Monday, Jan. 18: Snow Ridge
Here is 500 vertical feet fed by lake effect piling off Ontario and served by a fleet of ancient Hall doubles. A warren of glades and narrow empty ungroomed trails dumping off the North Chair resemble the rambling off-piste Narnias of Northern Vermont, with big bumps and sudden drops and interesting little pockets of woods. On the far side of the ski area the Pocket T-bar opened for the first time all season and I crushed untracked S-turns until after 1 p.m. on a broad powder field sitting in plain view of the lift. I skied alone and I skied 34 runs and I skied until last chair.
Friday, Jan. 22: Oak Mountain
Oak, an hour off the New York Thruway in the town of Speculator, had been closed all week as lake effect had filled in its trails and glades. Like at Snow Ridge, grooming was minimal. I skied untracked run after untracked run, fresh powder all day long. When I entered the TLP glades for the first time at 1 p.m. I was the first one in all day. Glorious powder fields. Little drops lined the black diamonds dumping off the summit quad and I skied these over and over. It’s not a steep mountain or an intimidating mountain but it’s an interesting one and an affordable one, with a $42 lift ticket and no crowds until the after-school crews showed up around 3.

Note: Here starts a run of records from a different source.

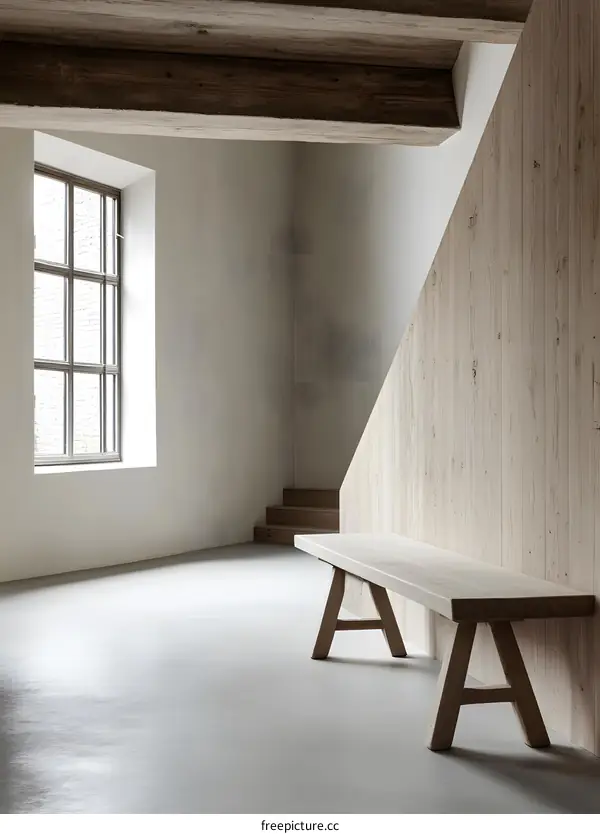 Minimalist Interior Design with Wooden Bench and Large Window
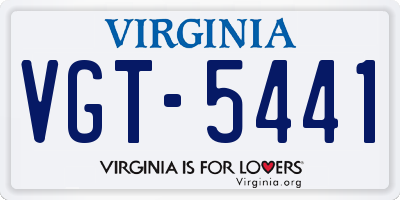 VA license plate VGT5441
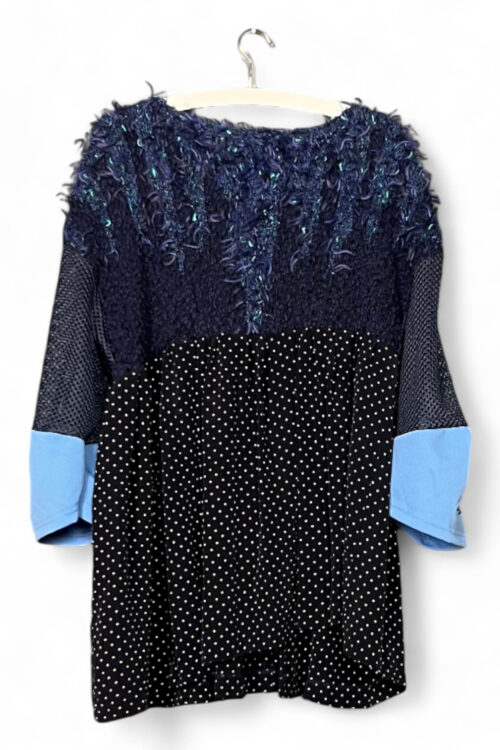 Upcycled Silk and Wool Tunic in Navy and Polka Dots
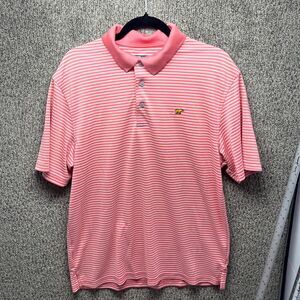 Jack Nicklaus Polo Shirt Mens Large White Pink Striped Logo Athletic Golf Tennis
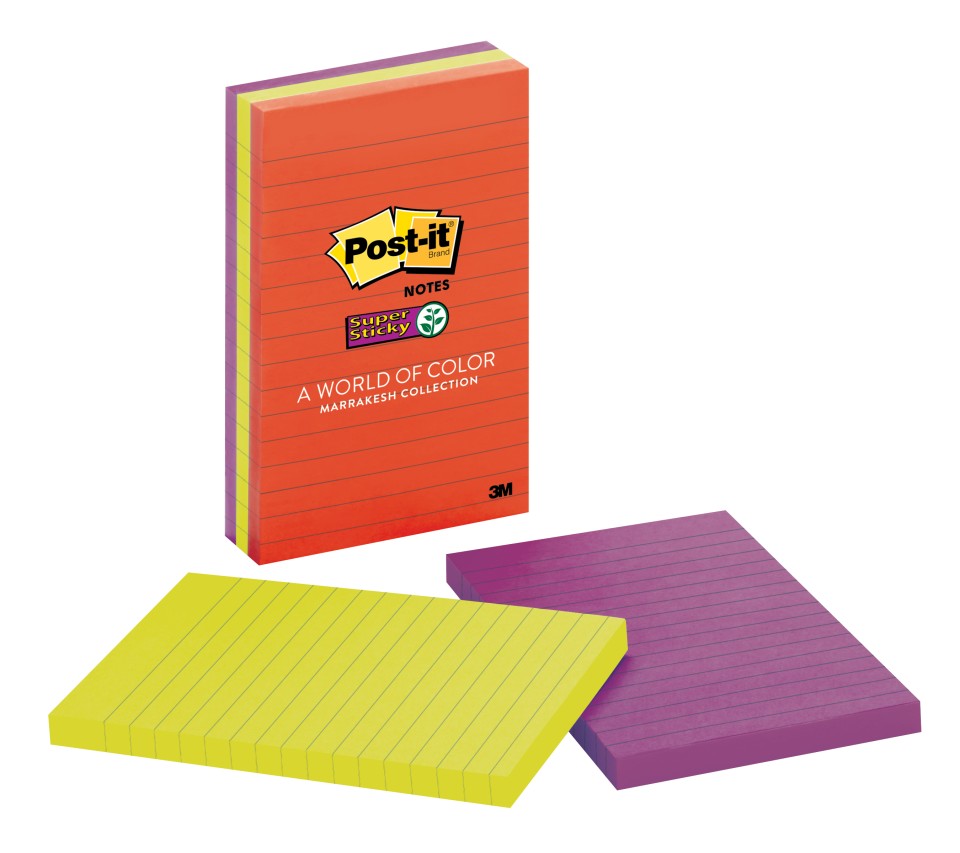 Post-it Super Sticky Lined Notes 660-3SSAN 101 x 152mm Marrakesh Pack 3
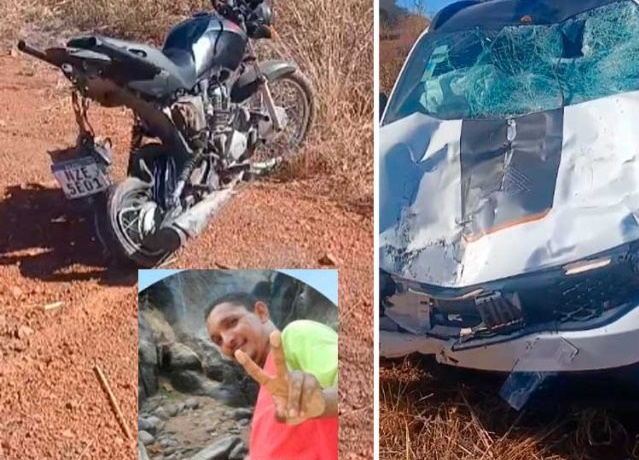 Movimentação de equipes de socorro e veículos após acidente entre motocicleta e automóvel na estrada do Arraial da Penha, zona rural de Barreiras.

Friday, Jan. 22: Dynamite Hill
I detoured on my way home and drove along New York highway 8, past signs pointing toward Gore, and stopped at Dynamite Hill, a ropetow operation on a 100 vertical feet just outside the town of Chestertown. I walked up to the small gift shop to buy a lift ticket and the woman stationed at the snack bar said it was free so I made a small donation and booted up and skied maybe half a dozen runs and I was the only one skiing. A half dozen families lapped the sled hill on the other side of the slope. The place is run by the local Chamber of Commerce and how great would it be if every town in New York and New England had a little community tow to give kids an unintimidating and accessible place to learn to love skiing?
I used to Ski Squaw back in the 80’s. The upper mountain is great. The mountain has a lot of potential for new trails. The views are beautiful. I hope the sale goes through?
Have you. been to Greek Peak? Just went there for the first time last week. I'm doing the local exploring too. Great mountain. Serious trees. You should do an interview with the owners.